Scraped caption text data
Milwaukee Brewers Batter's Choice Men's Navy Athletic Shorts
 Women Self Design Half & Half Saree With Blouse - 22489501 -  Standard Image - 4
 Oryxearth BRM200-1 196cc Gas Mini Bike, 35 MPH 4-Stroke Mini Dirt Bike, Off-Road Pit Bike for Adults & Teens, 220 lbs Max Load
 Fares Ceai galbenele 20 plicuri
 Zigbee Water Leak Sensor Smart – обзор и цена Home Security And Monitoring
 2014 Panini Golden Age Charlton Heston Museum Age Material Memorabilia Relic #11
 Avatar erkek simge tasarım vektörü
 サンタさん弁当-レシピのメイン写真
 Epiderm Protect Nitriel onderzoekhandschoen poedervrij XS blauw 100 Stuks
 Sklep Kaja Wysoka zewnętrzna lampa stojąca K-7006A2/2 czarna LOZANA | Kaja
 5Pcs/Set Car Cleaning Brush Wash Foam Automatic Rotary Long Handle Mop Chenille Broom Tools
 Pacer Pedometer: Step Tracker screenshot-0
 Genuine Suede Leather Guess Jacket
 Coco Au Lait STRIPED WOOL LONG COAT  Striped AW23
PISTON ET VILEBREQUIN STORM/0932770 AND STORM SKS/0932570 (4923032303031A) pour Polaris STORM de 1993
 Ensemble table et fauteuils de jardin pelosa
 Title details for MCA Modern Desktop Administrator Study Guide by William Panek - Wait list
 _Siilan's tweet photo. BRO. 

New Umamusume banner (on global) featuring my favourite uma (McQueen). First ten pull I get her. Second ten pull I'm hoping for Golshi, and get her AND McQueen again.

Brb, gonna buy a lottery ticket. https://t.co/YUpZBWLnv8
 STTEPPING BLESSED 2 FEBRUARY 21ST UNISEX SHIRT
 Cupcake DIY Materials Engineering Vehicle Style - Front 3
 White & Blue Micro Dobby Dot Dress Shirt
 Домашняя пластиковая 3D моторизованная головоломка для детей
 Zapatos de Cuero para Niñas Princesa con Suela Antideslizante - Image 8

Work required | Take the stretch of lines above from the one containing "Sklep Kaja Wysoka" through the one containing "Genuine Suede Leather Guess Jacket" and repeat it exactly, adding no other line.

Exercise answer |
 Sklep Kaja Wysoka zewnętrzna lampa stojąca K-7006A2/2 czarna LOZANA | Kaja
 5Pcs/Set Car Cleaning Brush Wash Foam Automatic Rotary Long Handle Mop Chenille Broom Tools
 Pacer Pedometer: Step Tracker screenshot-0
 Genuine Suede Leather Guess Jacket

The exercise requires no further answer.